• _Supplied material_:
- - - - -

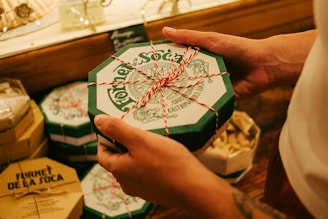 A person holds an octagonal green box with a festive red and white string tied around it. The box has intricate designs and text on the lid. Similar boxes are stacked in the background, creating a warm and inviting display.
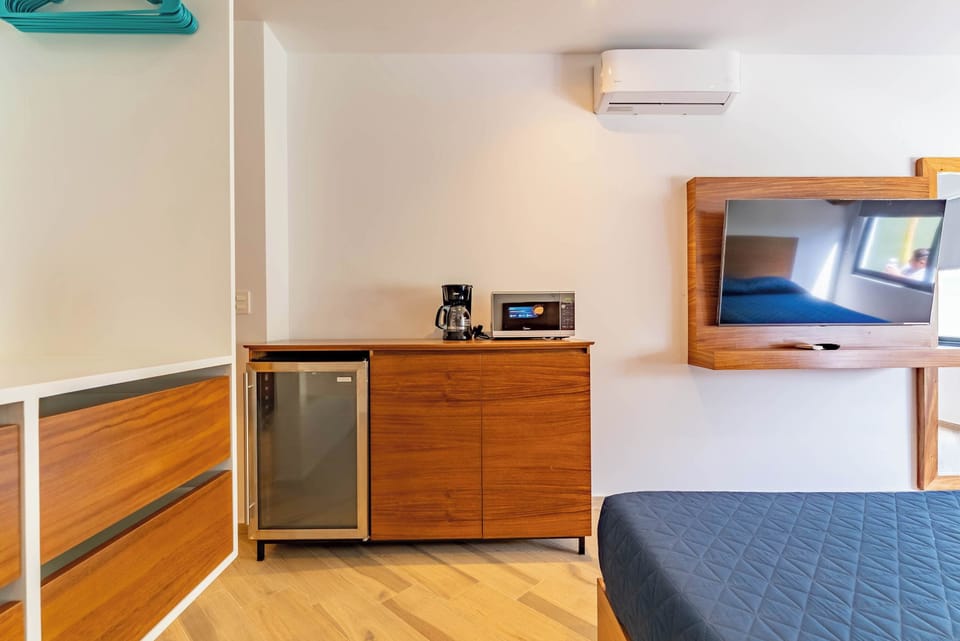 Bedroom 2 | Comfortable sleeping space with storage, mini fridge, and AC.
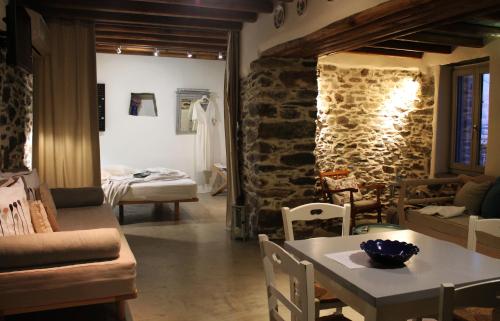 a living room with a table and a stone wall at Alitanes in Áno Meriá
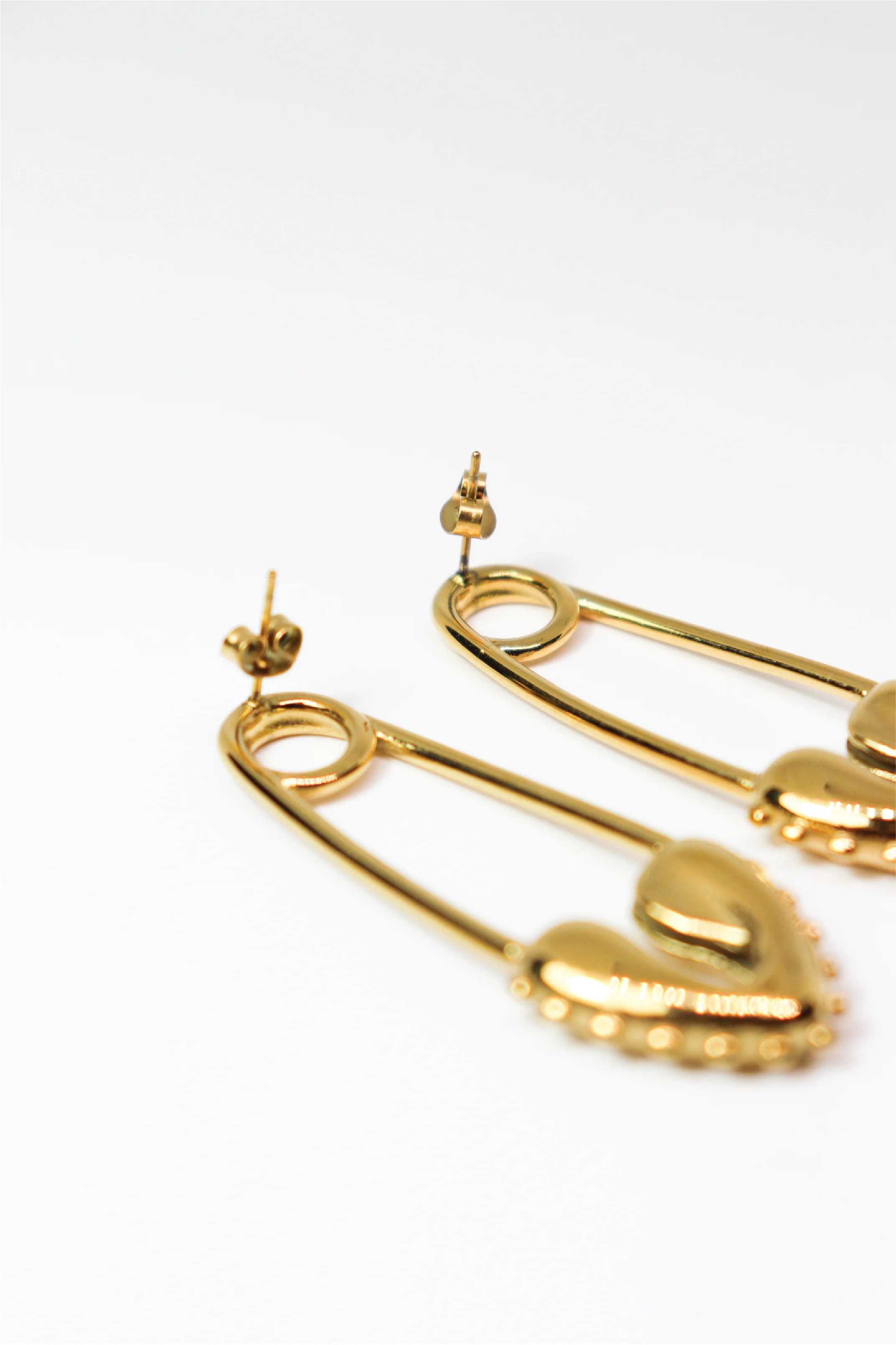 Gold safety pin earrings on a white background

- - - - -

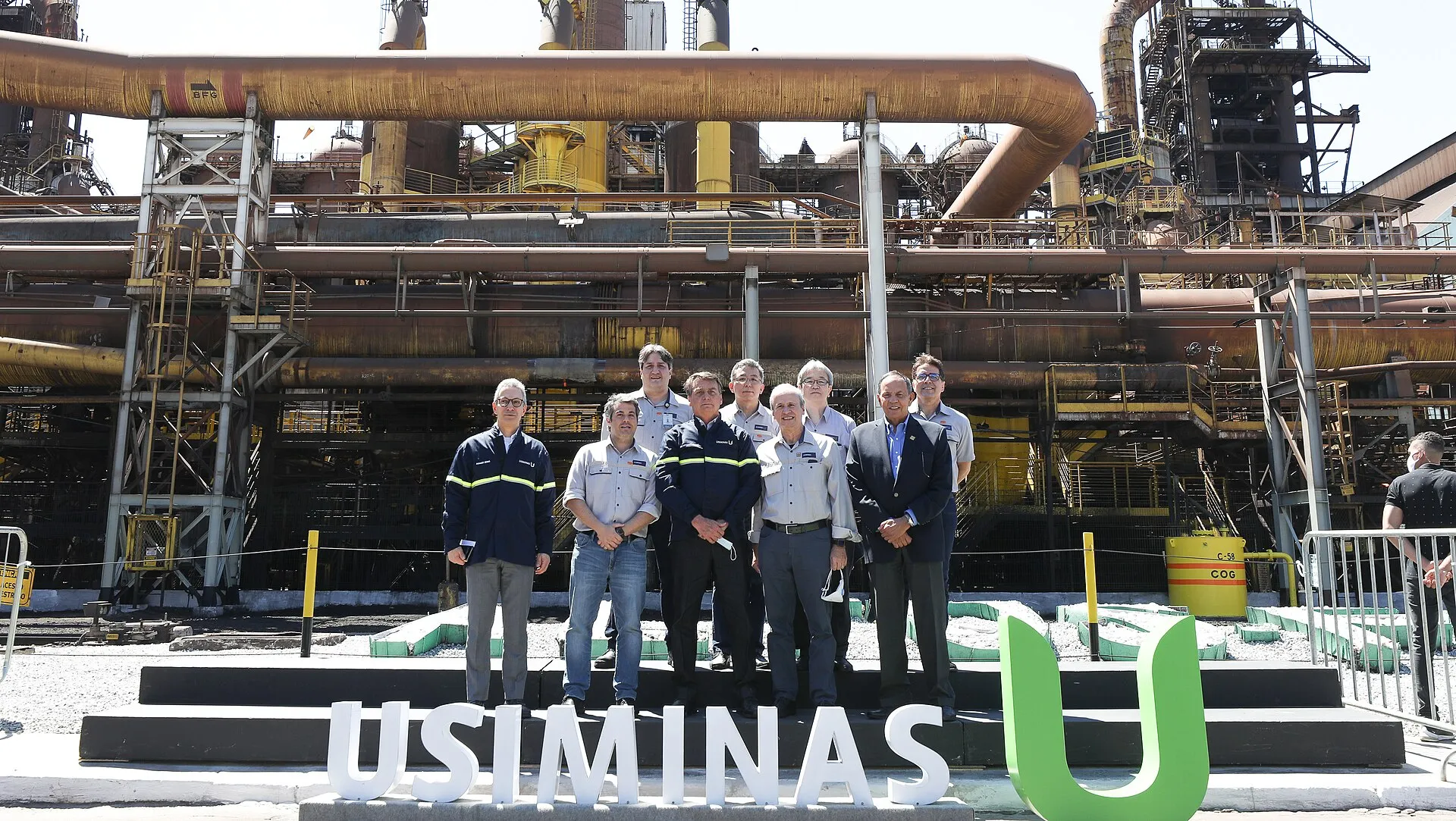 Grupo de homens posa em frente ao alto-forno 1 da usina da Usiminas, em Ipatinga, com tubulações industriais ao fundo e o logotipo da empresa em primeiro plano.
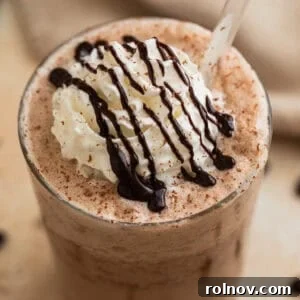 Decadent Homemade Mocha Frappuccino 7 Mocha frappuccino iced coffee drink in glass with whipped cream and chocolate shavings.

- - - - -

• _What this task involves_:
Reproduce the listing above exactly from the line containing "a living room" up to and including the line containing "Gold safety pin", omitting any images and everything outside those lines.

• _Answer to this problem_:
 a living room with a table and a stone wall at Alitanes in Áno Meriá
 Gold safety pin earrings on a white background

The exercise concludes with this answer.